You are viewing a plain text version of this content. The canonical link for it is here.
Posted to hdfs-user@hadoop.apache.org by Stuart Smith <st...@yahoo.com> on 2010/04/22 22:25:28 UTC
Re: hadoop log timestamps & file timestamps not same as system time [SOLVED]

Ok.
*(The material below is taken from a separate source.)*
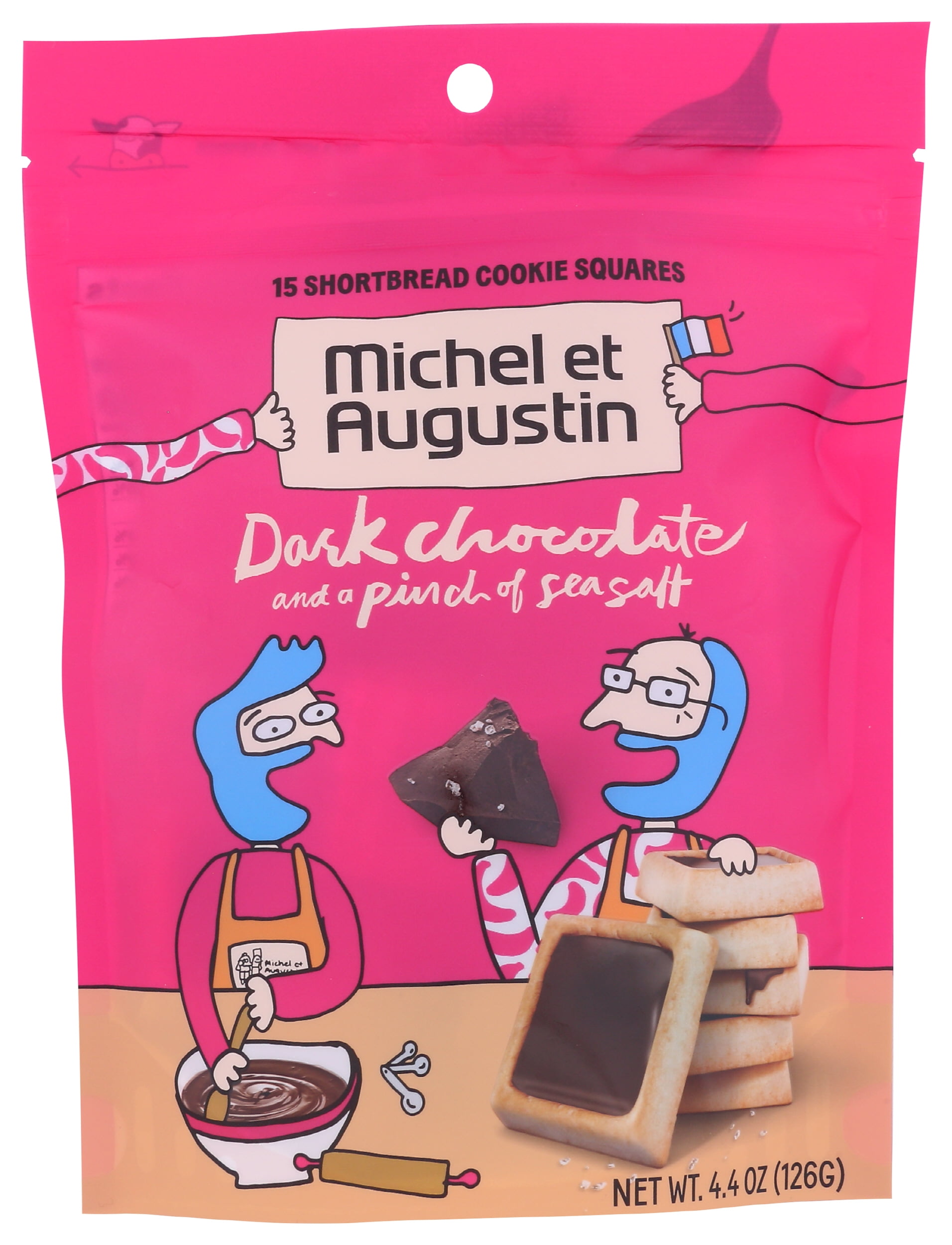 (Pack of 6), Michel et Augustin Dark Chocolate with Sea Salt Shortbread Cookies, 4.4 oz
Solved the timestamp issue.

The best solution I found was:

export TZ=`cat /etc/timezone`
(which I added to .bashrc)

I found it here:
http://davidwinterbourne.com/?p=37

With the common explanation that it should be symbolic link or java scans /usr/share/zoneinfo looking for a match using some weird logic.

However, I'm not entirely comfortable with this explanation: 
I had two machines with the exact same configuration and the exact same files in /usr/share/zoneinfo, but with one reporting PST in java, and the other, PDT. So there could well be some other weirdness here.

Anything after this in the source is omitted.